- [Goal of the exercise]: Copy exactly the lines from the start of the material through the line with "HEXAGONAL FIGURES 2-Door". Pictures stay out of the copy.

Start of Data below

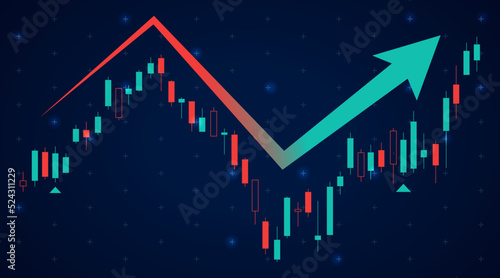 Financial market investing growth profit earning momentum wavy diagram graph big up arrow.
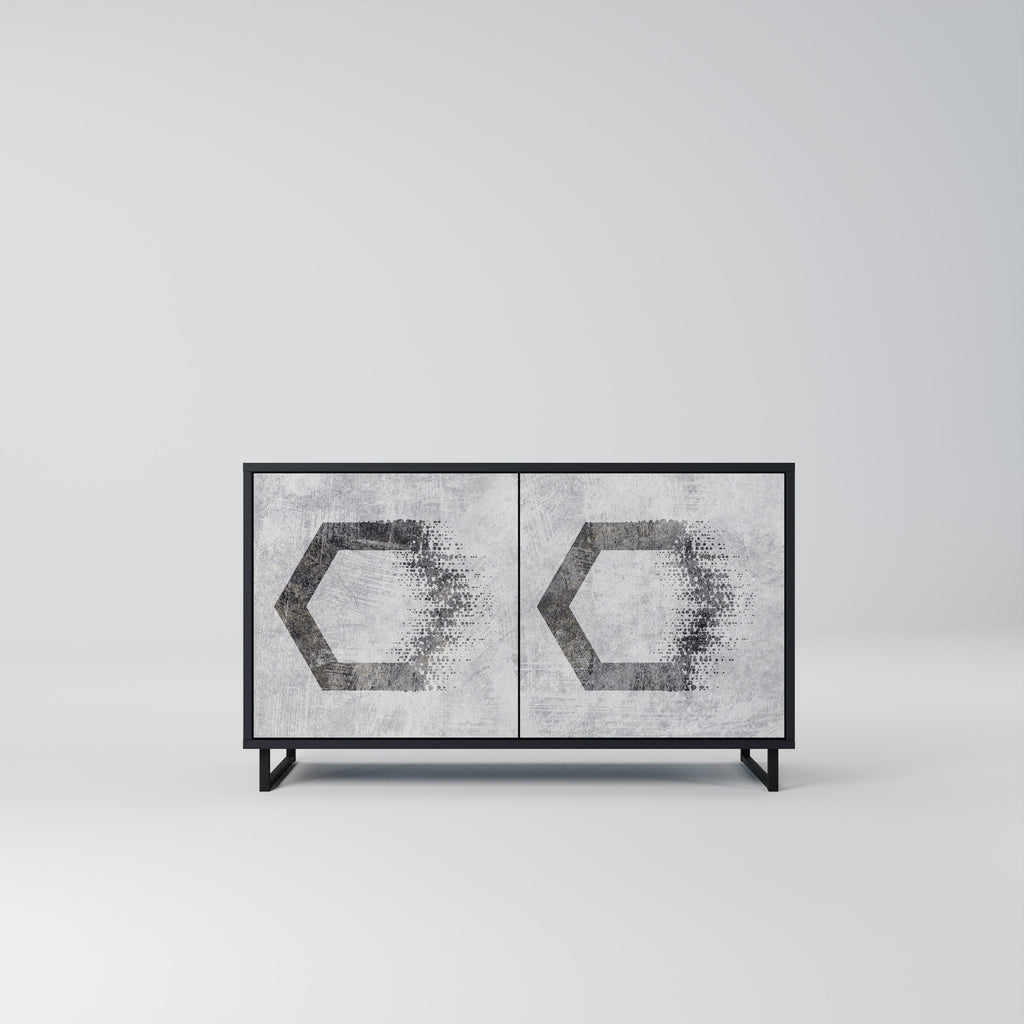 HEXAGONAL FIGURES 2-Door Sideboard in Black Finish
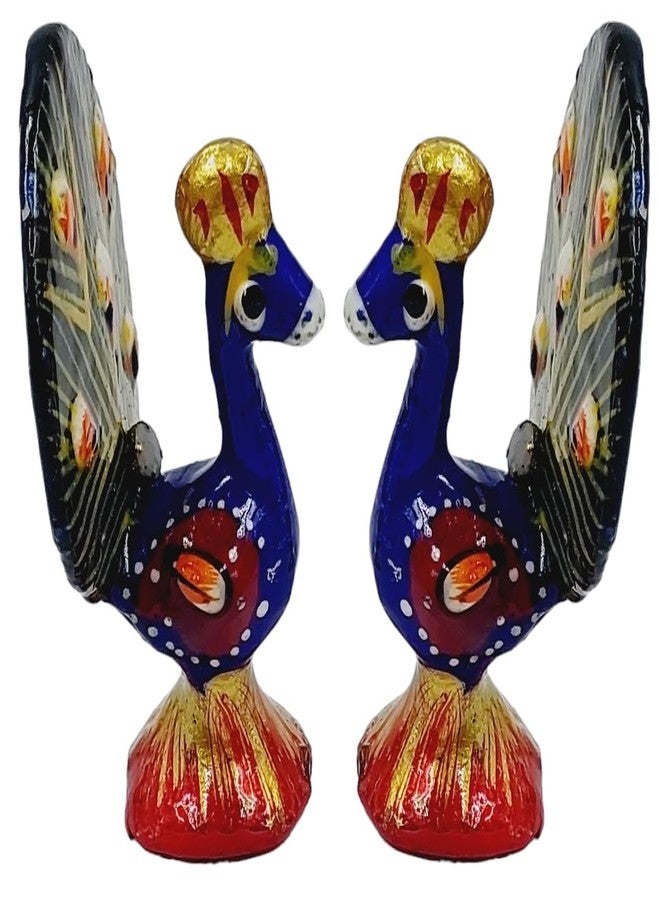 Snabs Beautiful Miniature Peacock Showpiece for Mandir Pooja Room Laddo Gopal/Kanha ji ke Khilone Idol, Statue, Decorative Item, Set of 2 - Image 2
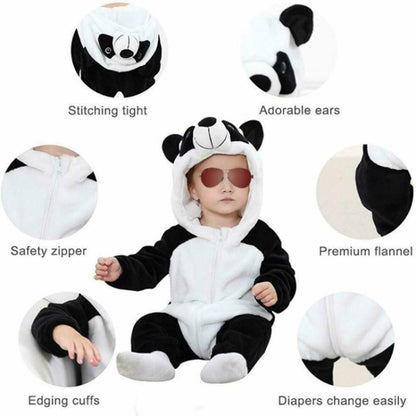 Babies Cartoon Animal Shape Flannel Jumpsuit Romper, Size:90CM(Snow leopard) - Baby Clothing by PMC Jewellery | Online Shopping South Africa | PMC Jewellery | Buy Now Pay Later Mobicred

End of Data below

- [Written response]:
 Financial market investing growth profit earning momentum wavy diagram graph big up arrow.
 HEXAGONAL FIGURES 2-Door Sideboard in Black Finish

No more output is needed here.